Mt. Zion Baptist Church

105 Ridge Street

Founded in 1867, Mt. Zion is Charlottesville's second oldest African-American church and is on the National Register of Historic Places and the Virginia Landmarks register. The Italianate and classical revival building was built in 1884, and served the Mt. Zion congregation until it relocated last year. The church has served as a community center throughout its history, most recently when black Charlottesville High students attacked white UVA students in 2001, and congregants rallied to the black youths' defense. The structure, now owned by Gabe Silverman, continues to serve the community as the Music Resource Center.


Washington Park

Preston Avenue

The site was known as the Pest House Property, stemming from a scarlet fever epidemic in 1905. By 1916, the land had become an unofficial dump, according to the city parks website. Community philanthropist Paul Goodloe McIntire (of McIntire Park fame) bought the property in 1926, and donated the land as "a public park and playground for the colored people of Charlottesville." Says Eugene Williams, "Parks were not popular for black people in the early years. They were too much of a luxury." A "Colored Recreation Board" was formed in 1934. And although one of its first requests to the city was for water, the park didn't get a water fountain until 1942. Black civic organizations helped clear and landscape the site, which included three tennis courts, a baseball diamond, and a rec building called "the Barn." A wading pool was built in 1950, although the park still lacked "adequate dressing rooms and toilet facilities," according to the city's history of the park.


The Budget Inn/Gallery Court

140 Emmet Street

When Martin Luther King came to Charlottesville on March 25, 1963, the Budget Inn was known as the Gallery Court and was one of the few places in town where blacks could stay. After King's speech at Cabell Hall, UVA history prof and civil right activist Paul Gaston went back to King's room with him, and remembers King saying, "I'll be shot at sometime." He was, April 4, 1968, at another motel in Memphis.


Woolworth's

100 Main Street

Today it's a national shoe store chain on the Downtown Mall, with the swanky Terraces retail and residential in back and on top. Fifty years ago, it was a five and dime. Blacks could shop in Woolworth's-- but they couldn't sit down and eat at the counter. Then a February 1, 1960, sit-in by four black college students at the Woolworth's in Greensboro, NC, made national headlines, and became a tactic for desegregation actions around the south. Scheryl Williams Glanton remembers sitting in at Woolworth's with her father, Eugene Williams. She was a little girl who wanted a milkshake-- but she couldn't be served because of the color of her skin.


Buddy's

104 Emmet Street

The site of Charlottesville's first violent racial encounter during the civil rights movement, Buddy's offered breakfast, lunch, dinner, and fountain service-- unless you were black.

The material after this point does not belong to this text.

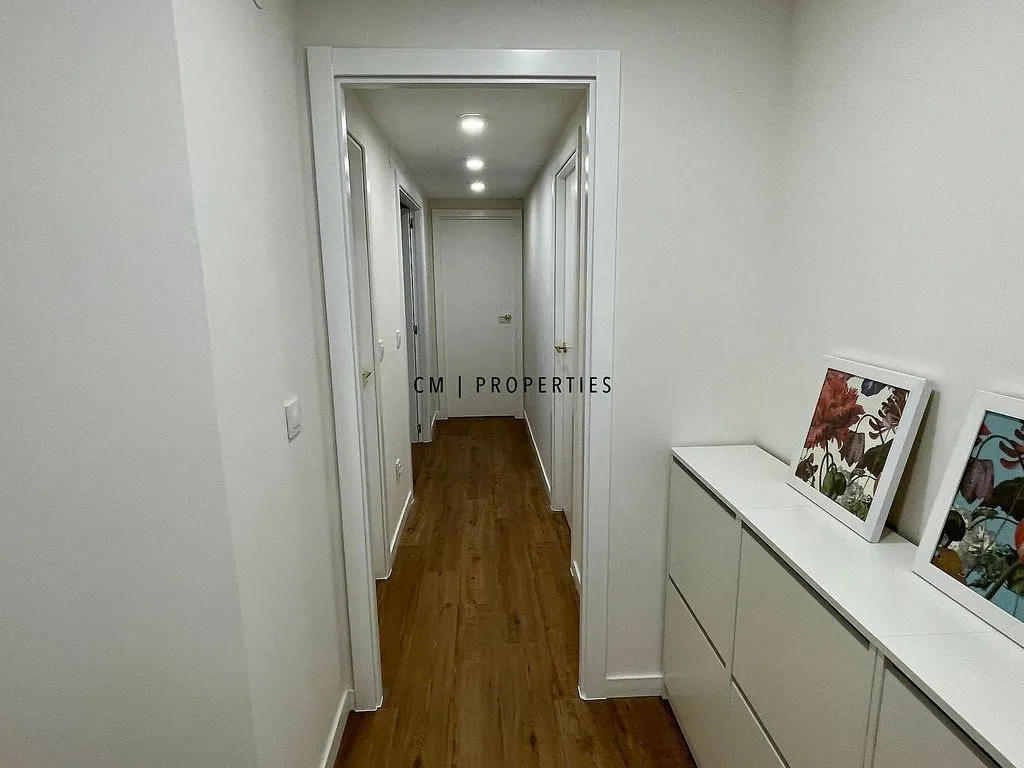 Entrée - Furnished Flat with Garage in Russafa, Valencia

Owner Buddy Glover actually had served some African Americans, such as visiting musicians and athletes, according to Coy Barefoot's local history, The Corner. But when a group of whites and blacks sat down to eat at Buddy's Memorial Day weekend in 1963, they were ignored until closing, and when they came back the next day, they weren't allowed in the restaurant. UVA history professor Paul Gaston and two black leaders, Floyd Johnson and William Johnson, were beaten up, and after the maelstrom of bad publicity following that incident, restaurants, movies and theaters all over town suddenly desegregated. But not Buddy's, which remained segregated until July 2, 1964, the day the Civil Rights Act passed. That day Buddy's closed. Today it's the Virginia Museum of Natural History.

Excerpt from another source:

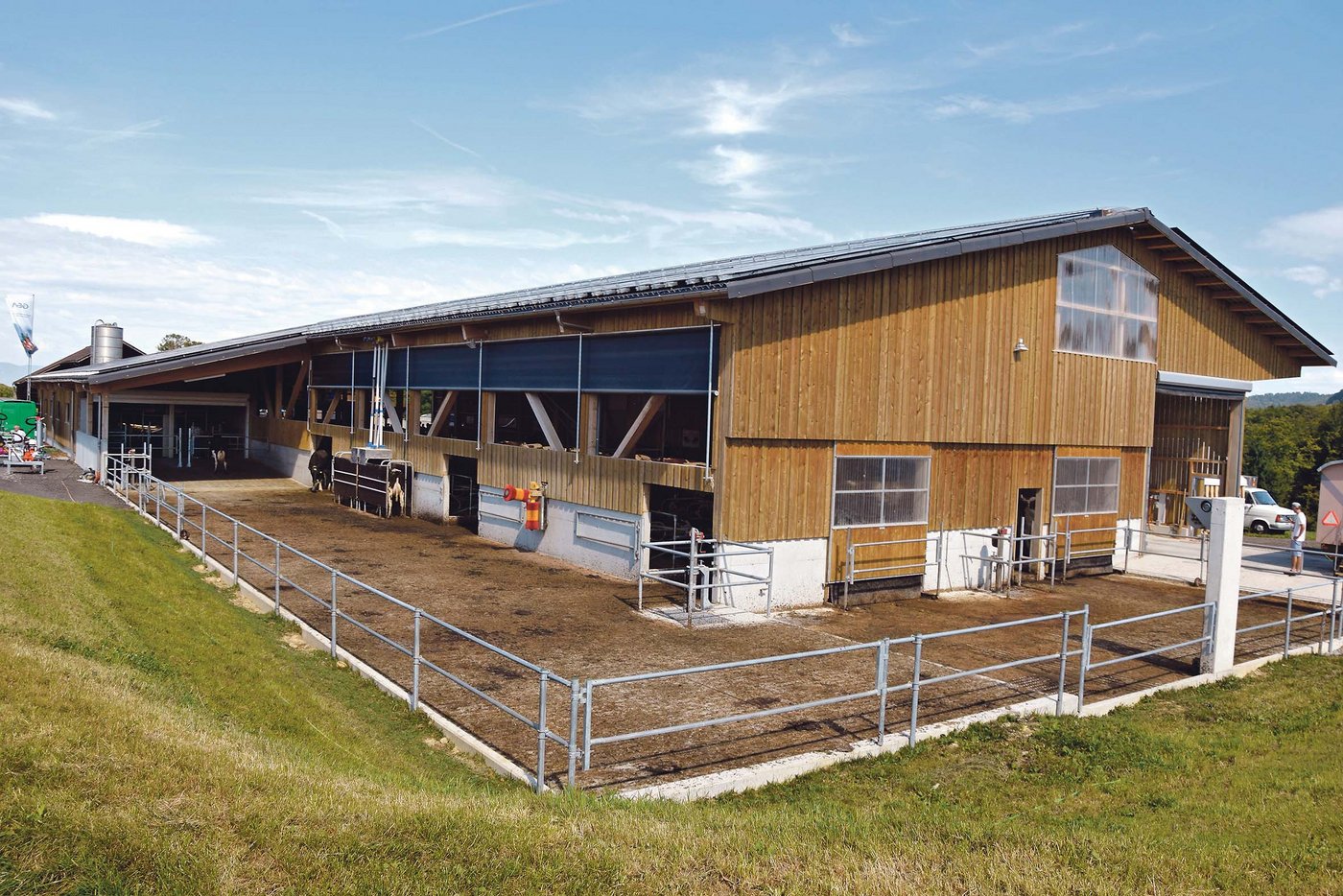 Der neue Milchviehlaufstall der Familie Oppliger aus Kaltacker BE. (Bild Peter Fankhauser)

Thomas Jefferson Memorial Church

717 Rugby Road

Unitarians have always been known for their liberal bent, so it's not surprising that the church hosted meetings of the Council on Human Relations, one of Charlottesville's only integrated groups in the 1950s. After federal Judge John Paul ruled in favor of the Allen v. Charlottesville School Board plaintiffs and ordered Charlottesville to integrate Lane High School and Venable Elementary, tensions soared. The Seaboard White Citizen's Council came down from New Jersey to show its displeasure with desegregation by burning a cross in front of the church on August 23, 1956.


Dr. Frank Daniel's house

202 E. High Street

Now the site of Queen Charlotte Square, in 1955, it was the site of another cross burning. Dr. Frank Daniel, a beloved family doctor, was active in the local NAACP and the Council on Human Relations. His daughter, Nancy, a sixth-grader at the time, was terrified when she saw the charred cross in her front yard and realized that someone was out to get her father. She says the Progress reported a six-foot cross, but that it was no bigger than four feet. The pieces of wood were hauled down to the basement, and the family never spoke of the incident-- at least not around Nancy.


The Holiday Inn restaurant

1600 Emmet Street

In the 1960s, long before it became a Red Lobster and a Days Inn, the Holiday Inn would rent rooms to blacks-- but wouldn't allow them to eat in the separately owned restaurant. That practice led to a sit-in the summer of 1963. Eugene Williams and area ministers went to the restaurant and were ignored by the waitresses while one white couple was served. After the couple ate, Williams says, they patted the Rev. R.J. Kennedy of Zion Union Baptist Church on the shoulder and congratulated the group.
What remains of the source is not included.